Through these stories, I attempt to reimagine the meanings of aatma nirbharta for these people of the hills and forests. The elderly Baiga woman, the navigator of the forest, when asks me if I can find my way out of the forest if left alone, isn’t just asking a rhetorical question but is also conveying something about her own sense of aatma nirbharta within this setting. The Baiga is aware of the various life-forms with which it inhabits the forest and has a mapping of its own for that. My women companions at Kandawaani would tell (and know) the exact locations where one might find a particular species of the forest. This kind of navigation of the forest, perhaps, constitutes the Baiga’s aatma nirbharta. When the times become tough, be it for hunger or sickness, the Baiga tunes into the songs of the forest. In one of his most recent publications[4] Kancha Ilaiah Shepherd, whose grandparents lived in the princely state of Hyderabad (now Telangana) and were shepherds, narrates his grandparents coping mechanisms in response to the Bubonic Plague which had hit undivided India during the year 1897. Shepherd’s grandparents like many other peasant communities of those times retreated deeper into the forests where they could ensure distance from the disease. In this process, they developed their own community associations and survived through the forests which provided them an indispensable means to life.
The article tries to say two important things: (1) one may say, that the dongar (the forest hill) is the other meaning of aatma nirbharta which has hitherto remained understated in the grand narratives on some of our people(s) of the hills and forests. We may find several such other meanings in the world (see, Pluriverse by Kothari et all.). (2) The Baiga way of life is perhaps a small window for us to realize 'nature as the largest producer'; to realize that the self-reliant and self-sustainable present of the Baiga (and other such adivasis) could be a possible way ahead for tomorrow. Perhaps we have been delusional in believing modern factory units as the sites of production, and thus obliterating ‘nature’ into the background. Allotting handsome packages of money for setting up more of these sites and creating distribution chains to connect the local to the global couldn’t be our national imagination, or let’s say the only imagination, of aatma nirbharta. Maybe we can turn towards our hinterlands to understand what aatma nirbharta may even mean.
I seek to now take the reader through the second part (Part 2) of this article i.e. through a photographically illustrative tour wherein I attempt to present a tiny fraction of the rich range of life that the Baiga’s forest supports.

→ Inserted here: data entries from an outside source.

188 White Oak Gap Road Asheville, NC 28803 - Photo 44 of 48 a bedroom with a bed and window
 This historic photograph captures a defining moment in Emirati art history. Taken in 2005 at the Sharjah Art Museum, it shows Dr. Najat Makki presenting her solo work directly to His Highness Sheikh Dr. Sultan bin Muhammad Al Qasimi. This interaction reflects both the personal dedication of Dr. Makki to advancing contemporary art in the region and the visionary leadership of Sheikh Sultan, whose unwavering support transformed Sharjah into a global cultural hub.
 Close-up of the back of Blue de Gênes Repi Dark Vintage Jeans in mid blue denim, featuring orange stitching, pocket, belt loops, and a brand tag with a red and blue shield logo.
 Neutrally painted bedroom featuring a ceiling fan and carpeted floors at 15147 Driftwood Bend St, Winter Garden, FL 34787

I take this tour as a glimpse into (an)other meaning of aatma nirbharta that gets constituted through the forests. This my experience of 'what life with the forest-dwelling Baiga may look like'.
Footnotes
[1] Mr. Prime Minister’s public address on 02-June-2020 puts emphasis on the need to promote the local and work towards building distribution chains such that this local can be made global. It was stated that the local needs to be vocal.
[2] Located in Samnapur block of Dindori (Madhya Pradesh)
[3] January 2018 - February 2018, July 2018- August 2018 & January 2019 - May 2019
[4] The April issue of the magazine Down To Earth features Shepherd’s interview titled as ‘Sufferers Then Sufferers Now’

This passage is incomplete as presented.